However, unlike Clapton on the other side of the Atlantic, Allman’s trio dreams never quite materialized. In 2007, Dickey Betts told Guitar World that the trio — which included future Allman Brothers Band members Berry Oakley on bass, and Jai Johanny "Jaimoe" Johanson on drums — even secured a record deal with Atlantic, with early recordings captured at Muscle Shoals.

“Their group was supposed to be a power trio, like the Jimi Hendrix Experience and Cream,” he explains. “But Duane had to sing, and Jaimoe doesn’t play drums in that style at all.

“Berry brought back some demos of the stuff they were doing, and even though it was good, they weren’t going to be able to stand up next to Hendrix and guys like that.”

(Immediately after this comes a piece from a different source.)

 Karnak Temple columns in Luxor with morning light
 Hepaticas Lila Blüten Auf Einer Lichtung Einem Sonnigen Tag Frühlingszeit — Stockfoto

Duane Allman playing slide guitar in 1970

(Image credit: Getty Images)

Allman instead found his calling in the much more expansive instrumentation of the Allman Brothers Band, carving his name into southern and blues rock folklore in the process.

Indeed, Betts once said he hated having to tackle Duane Allman’s slide parts, but knew he had to persevere if his band, continuing after he died in 1971, was going to honor him in the right way.

Later, his connection to Clapton became far more literal as he starred on Derek and the Dominos' only album, forming a remarkable partnership with Slowhand that embodied the blues tradition.

And elsewhere, Derek Trucks, who would become part of the Allman Brothers Band lineage years later, has named the slide player who was just as influential as Duane in making him a better slide guitar player.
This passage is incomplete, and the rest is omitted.